The other, is the person who just cannot level off and stay at a dose, any dose. It may have nothing to do with addiction, diversion or anything nefarious. They just want more pain relief and want just one more dose increase, stronger or different medicine to bring it. No matter what the dose, tolerance develops and that magical feeling of "zero pain" just never stays around.
So they become dissatisfied, and they switch doctors. Naturally, they find one comfortable with the doses they're on and more importantly, comfortable with the one thing they've know to reduce their pain, at least temporarily, in the past: further dose increases and a belief that opiates in some form are the default solution. The cycle continues to repeat, with endless dose escalation, repeated tolerance development, and dissatisfaction when the pain relief wears off. Therefore, such patients,
who probably are the very worst candidates for chronic daily opiates to begin with self-select for the highest doses, due to their propensity to repeatedly develop tolerance combined with the least realistic expectation of a 100% pain-free life. Ultimately once they hit the ceiling of any particular doctors dose comfort zone, they look for a doctor who will do the only thing they believe and have been told, will reduce their pain: more and stronger opiate medications.
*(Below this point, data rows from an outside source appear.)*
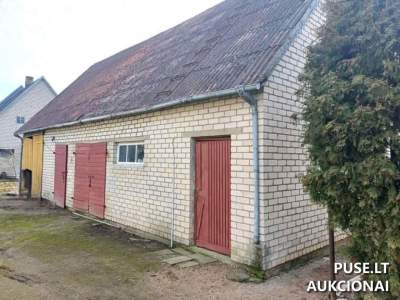 1/4 dalis gyvenamojo namo Pakruojo rajone, Linkuvoje, pradinė kaina 1191 EUR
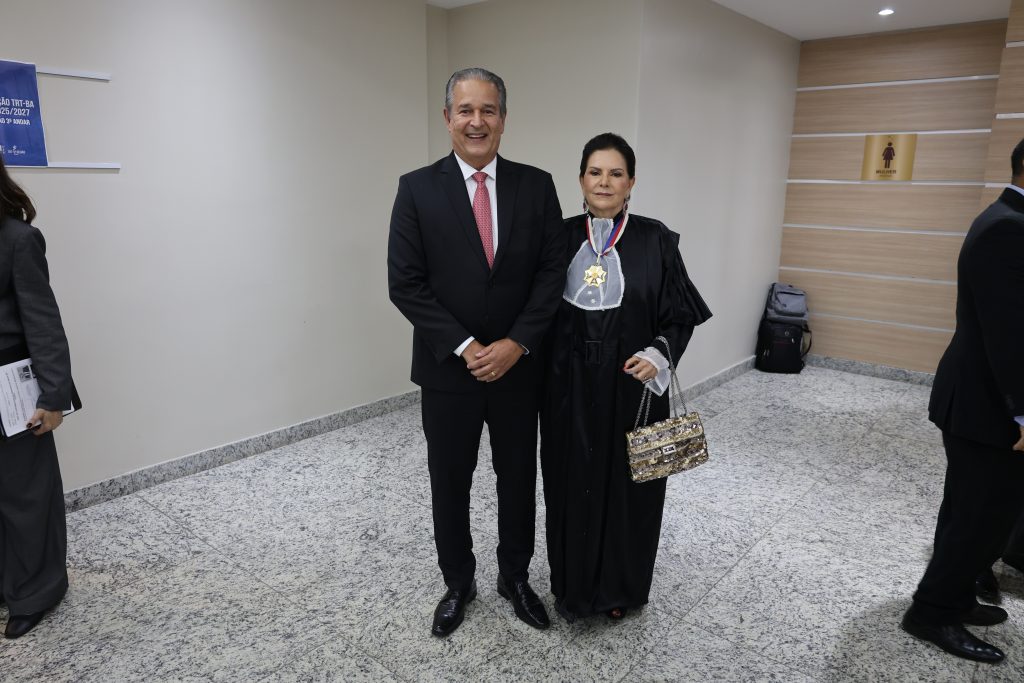 Desembargadores do TJBA prestigiam a posse da nova Mesa Diretora do TRT5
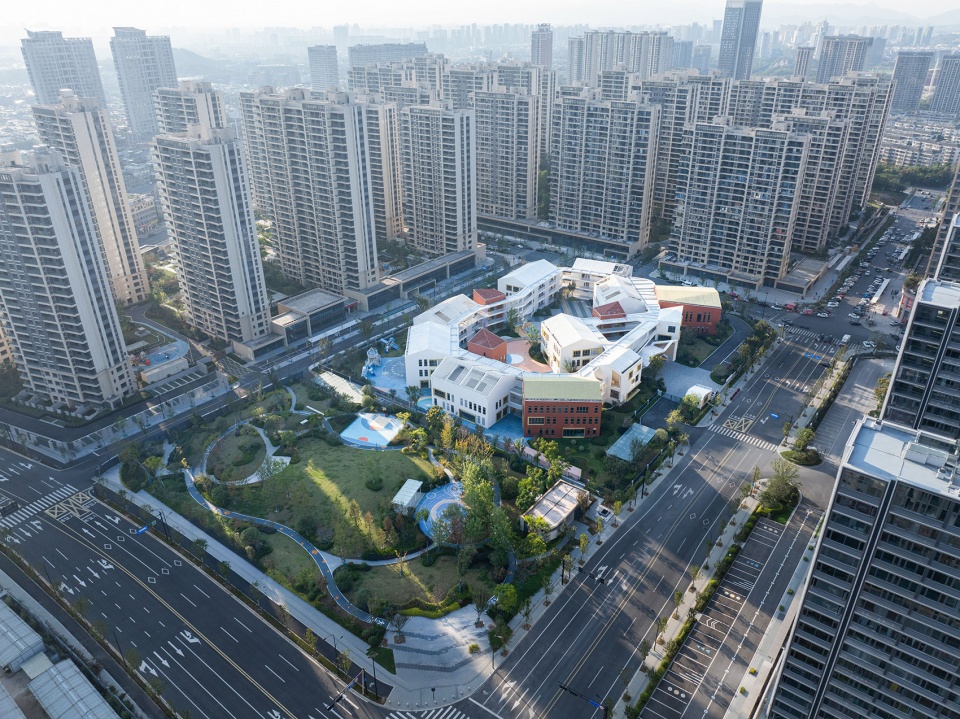 yiwu zongze class 36 kindergarten designed by 9m design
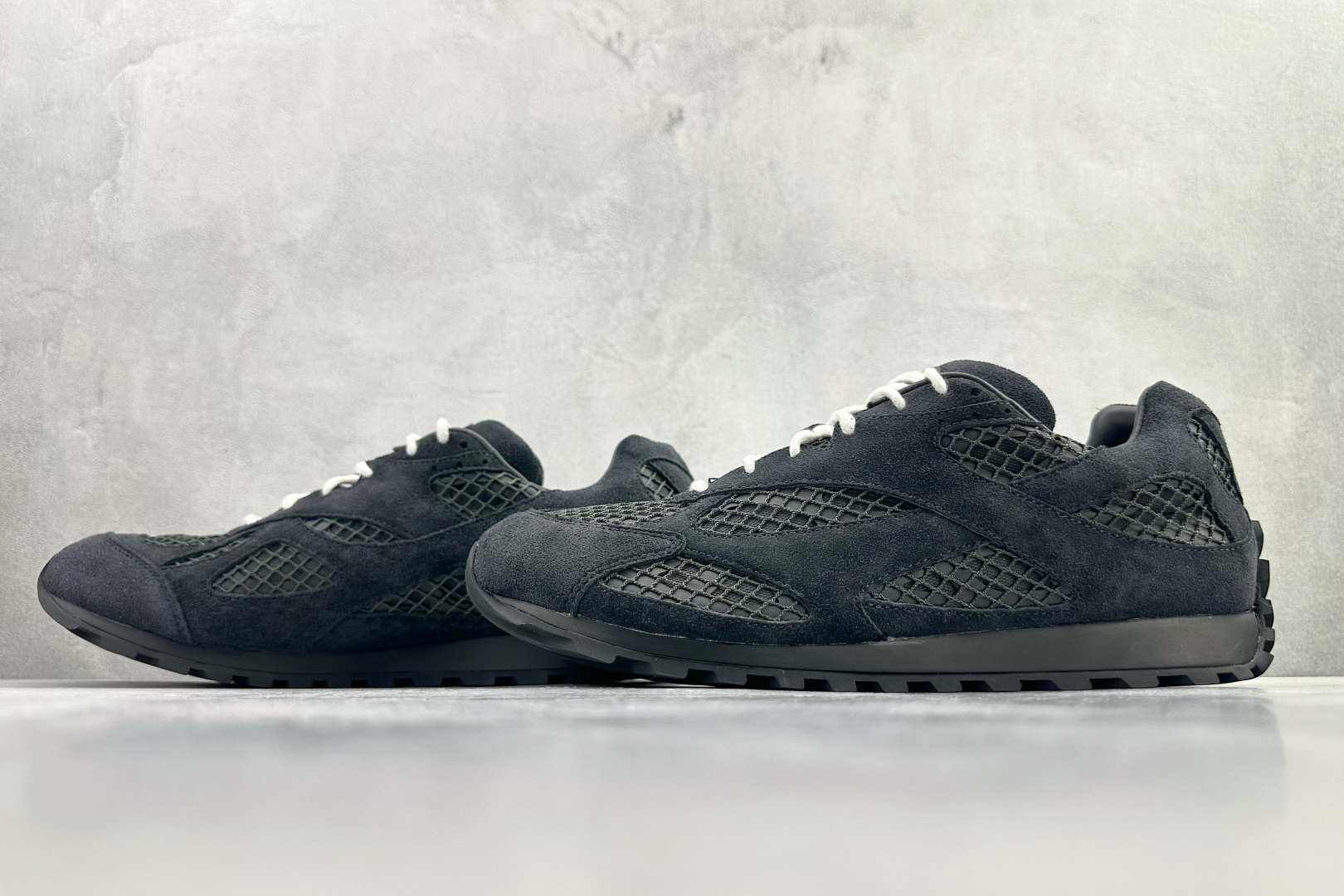 Bottega Veneta葆蝶家 Orbit 黑色 796481V4JE14207 Bottega Veneta葆蝶家 Orbit 黑色 796481V4JE14207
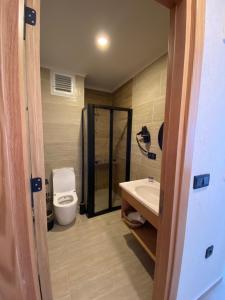 une salle de bains avec toilettes et lavabo dans l'établissement Perlina Küçükköy, à Ayvalık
This can all occur in patients with completely legitimate medical need, combined with a well intentioned doctor that believes that opiates, if titrated slowly and carefully enough with the proper monitoring do not have or need a dose limit. This cycle is most likely to be perpetuated in those most insistent upon more medication, in greater doses, more frequently. It is least likely to occur in someone with the tendency or capability to accept and deal with soome level of pain, and that there is a limit to what an opiate can do
at any dose. Throw in a poorly trained or unscrupulous doctor, combined with a patient who's doing their best to hide an addiction, and you accelerate the cycle dramatically and have a recipe for disaster.
So, in conclusion, if you want to reduce risk, yes, lower dose or have dose limits such as 120mg MED. You'll absolutely see risk reduction in your population, but
not necessarily in any given patient. What you will see, is a risk reduction in your patient
population, because those that are
already higher risk and therefore on higher doses, will
leave your patient population and move on to one that is more risk tolerant, or move on to another source of opiates entirely. Ultimately, you select out the highest risk population by taking the highest doses off the table, and are left with a much more stable, and lower risk group of patients.